If you're thinking that this sounds like The Sipmsons' Bumblebee Man Show...

So when they switch over to broadcast stations like Univision or Telemundo, or cable alternatives like Galavision, Hispanics crave the sort of programming they can't see on ABC or Fox—shows that provide a cultural fix, or at least a sweet reminder of bygone days. And that means lots of telenovelas, or melodramatic soap operas, and vintage Bolaños comedies like El Chavo and El Chapulín Colorado. (Bolaños' performance in the latter show inspired the Bumble Bee Man character on The Simpsons.) Television viewers generally look to cable for comfort programming—TNT's incessant Law & Order reruns always do well—but not nearly to the extent that Spanish-language viewers do; sports aside, the cable ratings are usually dominated by wrestling, Lifetime Original movies, and mature fare like Nip/Tuck.


And here I am with no cable like a sucker. (Actually I get 3 Spanish language channels on the rabbit ears, all with better reception than the "Big 3," but none that carry this show. They do, however, carry Sabado Gigante.)


6 Comments:

  • Is that the show starring the guy with the heart on his chest? I think I got that right. It was bewildering.

    By Blogger Mike, at 2:16 PM  

  • Is that the show with the old guy in the suit and the really well endowed attractive woman who is always wearing what is basically a formal bikini?

    By Anonymous Phil, at 2:54 PM  

  • You don't have cable? Shocking.

    Also, why do you always call Slate "The Slate"?

    By Blogger MDS, at 3:11 PM  

  • I don't have time to watch that much TV. I miss ESPN, but that's about it. I get HBO shows on Netflix if I really want to see them.

    Someday I'll have the Sunday ticket though.

    As for the Slate, I remember a time, back in the day when slate.com looked like an actually slate, like you'd use in a colonial era schoolhouse. They still use that form as the mechanism for looking at past article by an author. For instance, if you read this account of Paris under siege,

    http://www.slate.com/id/2129519/

    at the bottom, you will see "the slate" with past articles by David Wallace Wells contained within.
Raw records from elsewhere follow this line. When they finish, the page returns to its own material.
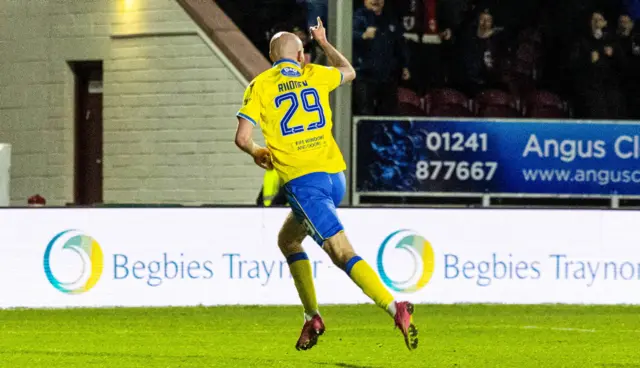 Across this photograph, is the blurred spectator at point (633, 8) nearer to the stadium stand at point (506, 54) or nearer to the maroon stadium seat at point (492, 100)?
the stadium stand at point (506, 54)

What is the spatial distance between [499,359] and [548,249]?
218 inches

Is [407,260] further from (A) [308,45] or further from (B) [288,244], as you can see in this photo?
(B) [288,244]

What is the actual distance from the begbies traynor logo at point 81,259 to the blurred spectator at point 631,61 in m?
7.14

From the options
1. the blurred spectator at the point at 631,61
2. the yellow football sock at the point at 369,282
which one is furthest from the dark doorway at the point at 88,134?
the yellow football sock at the point at 369,282

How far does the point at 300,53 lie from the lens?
28.2ft

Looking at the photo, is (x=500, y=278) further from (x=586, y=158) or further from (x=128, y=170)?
(x=128, y=170)

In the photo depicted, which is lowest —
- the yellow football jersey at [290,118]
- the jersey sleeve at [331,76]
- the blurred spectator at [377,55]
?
the yellow football jersey at [290,118]

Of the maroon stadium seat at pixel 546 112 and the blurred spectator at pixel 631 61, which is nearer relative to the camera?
the maroon stadium seat at pixel 546 112

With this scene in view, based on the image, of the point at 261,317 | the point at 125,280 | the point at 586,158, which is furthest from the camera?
the point at 586,158

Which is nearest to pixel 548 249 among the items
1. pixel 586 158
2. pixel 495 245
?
pixel 495 245

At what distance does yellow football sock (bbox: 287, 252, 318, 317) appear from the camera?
8.76m

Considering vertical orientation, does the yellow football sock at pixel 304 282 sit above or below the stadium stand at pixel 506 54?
below

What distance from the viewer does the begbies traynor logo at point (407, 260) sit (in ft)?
45.6

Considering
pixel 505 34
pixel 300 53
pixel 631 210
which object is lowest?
pixel 631 210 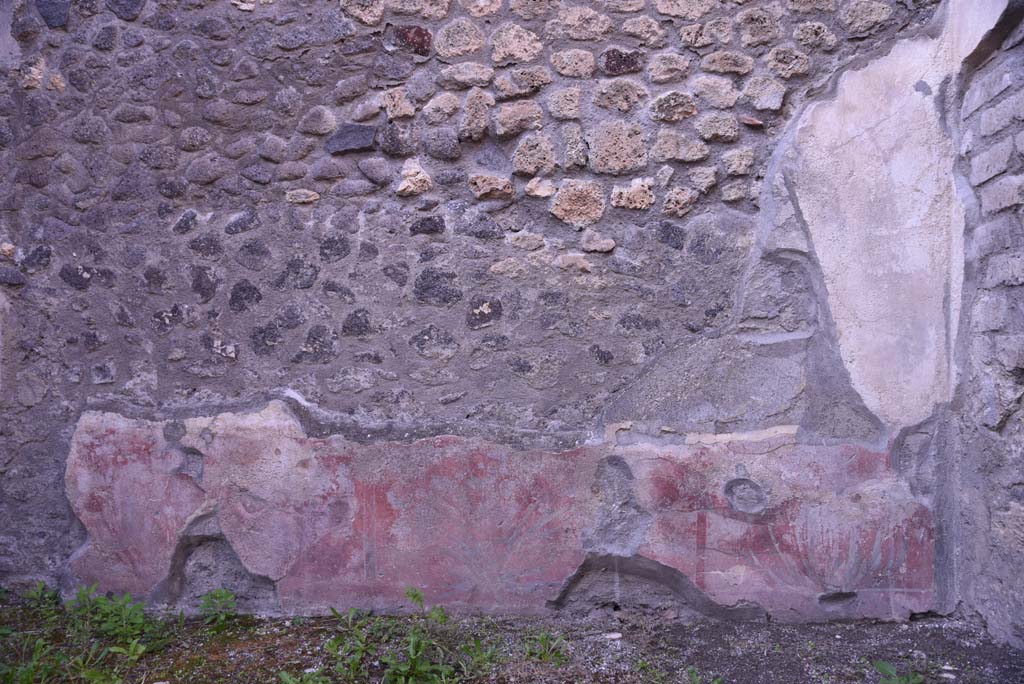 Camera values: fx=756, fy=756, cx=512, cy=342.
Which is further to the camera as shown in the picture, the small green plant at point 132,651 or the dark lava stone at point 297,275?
the dark lava stone at point 297,275

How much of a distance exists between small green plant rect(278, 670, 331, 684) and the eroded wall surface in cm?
41

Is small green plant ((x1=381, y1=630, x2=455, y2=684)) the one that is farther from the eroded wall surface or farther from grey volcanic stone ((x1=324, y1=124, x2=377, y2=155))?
grey volcanic stone ((x1=324, y1=124, x2=377, y2=155))

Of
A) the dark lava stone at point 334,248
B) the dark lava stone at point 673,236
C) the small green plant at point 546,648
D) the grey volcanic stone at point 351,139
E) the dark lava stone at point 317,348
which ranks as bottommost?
the small green plant at point 546,648

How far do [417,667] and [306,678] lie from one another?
30cm

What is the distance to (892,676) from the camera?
2.07m

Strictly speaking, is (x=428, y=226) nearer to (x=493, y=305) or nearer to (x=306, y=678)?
(x=493, y=305)

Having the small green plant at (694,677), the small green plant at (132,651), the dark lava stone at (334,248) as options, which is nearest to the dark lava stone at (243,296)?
the dark lava stone at (334,248)

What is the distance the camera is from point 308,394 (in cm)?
260

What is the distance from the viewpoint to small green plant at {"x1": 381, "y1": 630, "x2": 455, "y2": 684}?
2.12 metres

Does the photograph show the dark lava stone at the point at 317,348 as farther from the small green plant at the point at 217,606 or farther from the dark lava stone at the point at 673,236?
the dark lava stone at the point at 673,236

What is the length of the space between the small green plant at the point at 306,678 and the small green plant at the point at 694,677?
1002 mm

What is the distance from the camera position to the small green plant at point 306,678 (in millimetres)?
2072

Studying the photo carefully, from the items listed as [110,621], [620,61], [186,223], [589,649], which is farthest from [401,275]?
[110,621]

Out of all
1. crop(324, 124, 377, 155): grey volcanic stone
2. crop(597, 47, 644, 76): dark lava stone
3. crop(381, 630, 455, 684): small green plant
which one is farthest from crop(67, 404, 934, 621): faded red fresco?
crop(597, 47, 644, 76): dark lava stone
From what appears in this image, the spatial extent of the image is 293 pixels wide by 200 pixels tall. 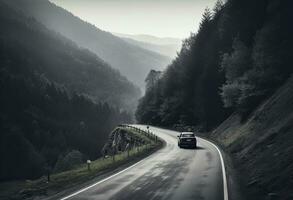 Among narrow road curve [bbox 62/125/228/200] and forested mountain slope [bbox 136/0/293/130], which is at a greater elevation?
forested mountain slope [bbox 136/0/293/130]

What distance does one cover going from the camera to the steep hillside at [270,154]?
16672mm

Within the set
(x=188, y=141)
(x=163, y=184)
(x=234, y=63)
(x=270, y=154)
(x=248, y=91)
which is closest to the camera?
(x=163, y=184)

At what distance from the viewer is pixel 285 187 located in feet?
52.2

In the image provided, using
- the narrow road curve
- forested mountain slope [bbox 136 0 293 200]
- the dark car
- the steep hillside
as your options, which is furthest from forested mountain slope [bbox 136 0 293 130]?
the narrow road curve

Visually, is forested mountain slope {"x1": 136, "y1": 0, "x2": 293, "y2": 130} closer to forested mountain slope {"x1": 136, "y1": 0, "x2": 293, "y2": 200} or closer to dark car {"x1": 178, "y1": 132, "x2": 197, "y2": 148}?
forested mountain slope {"x1": 136, "y1": 0, "x2": 293, "y2": 200}

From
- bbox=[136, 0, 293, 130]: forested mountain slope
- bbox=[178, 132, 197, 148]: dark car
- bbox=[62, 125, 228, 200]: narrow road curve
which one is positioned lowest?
bbox=[62, 125, 228, 200]: narrow road curve

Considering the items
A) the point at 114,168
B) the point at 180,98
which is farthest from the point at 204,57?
the point at 114,168

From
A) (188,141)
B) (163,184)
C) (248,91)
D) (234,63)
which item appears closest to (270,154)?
(163,184)

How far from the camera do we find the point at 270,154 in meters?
22.2

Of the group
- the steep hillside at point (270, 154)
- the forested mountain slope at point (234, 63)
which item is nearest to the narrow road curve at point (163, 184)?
the steep hillside at point (270, 154)

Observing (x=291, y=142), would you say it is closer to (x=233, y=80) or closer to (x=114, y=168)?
(x=114, y=168)

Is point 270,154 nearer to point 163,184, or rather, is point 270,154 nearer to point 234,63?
point 163,184

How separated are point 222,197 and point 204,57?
64665 millimetres

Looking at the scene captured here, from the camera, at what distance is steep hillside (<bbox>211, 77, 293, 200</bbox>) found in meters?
16.7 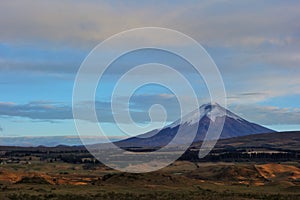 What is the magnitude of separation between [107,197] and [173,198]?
28.3 ft

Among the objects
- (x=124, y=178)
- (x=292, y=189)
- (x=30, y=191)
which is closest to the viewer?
(x=30, y=191)

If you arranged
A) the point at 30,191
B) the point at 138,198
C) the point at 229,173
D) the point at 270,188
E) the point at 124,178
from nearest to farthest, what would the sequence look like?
the point at 138,198 < the point at 30,191 < the point at 270,188 < the point at 124,178 < the point at 229,173

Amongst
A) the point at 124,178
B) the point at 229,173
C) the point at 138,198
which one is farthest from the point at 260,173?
the point at 138,198

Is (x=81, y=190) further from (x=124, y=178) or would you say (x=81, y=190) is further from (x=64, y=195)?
(x=124, y=178)

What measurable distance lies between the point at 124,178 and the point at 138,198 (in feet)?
90.8

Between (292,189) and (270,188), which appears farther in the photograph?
(270,188)

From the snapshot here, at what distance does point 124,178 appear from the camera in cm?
8862

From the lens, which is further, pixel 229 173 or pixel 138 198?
pixel 229 173

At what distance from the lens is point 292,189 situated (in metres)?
77.3

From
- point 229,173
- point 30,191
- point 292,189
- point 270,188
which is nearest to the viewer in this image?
point 30,191

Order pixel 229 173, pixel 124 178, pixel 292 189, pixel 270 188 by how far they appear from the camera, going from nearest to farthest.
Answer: pixel 292 189 < pixel 270 188 < pixel 124 178 < pixel 229 173

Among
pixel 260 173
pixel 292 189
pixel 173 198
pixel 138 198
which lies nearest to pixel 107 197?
pixel 138 198

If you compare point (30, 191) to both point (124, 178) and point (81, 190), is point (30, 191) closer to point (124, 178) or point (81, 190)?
point (81, 190)

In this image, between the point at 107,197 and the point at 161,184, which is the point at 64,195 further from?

    So I have this impression of slate referring to the actual chalkboard-like device from whence it takes its name, and my brain converts that to "The Slate." Like ABC's the Note. Which I realize is actually called "the note," but you get the idea.

    By Blogger PaulNoonan, at 4:09 PM  

  • In the old TMQ days it really looked like a slate.

    By Blogger PaulNoonan, at 10:34 AM  

  • I was without cable for two years, and I didn't miss it much. But, I eventually tired of watching the NFL in bars, and wanted to have English soccer again. Now that I'm out of school, I have more time to watch.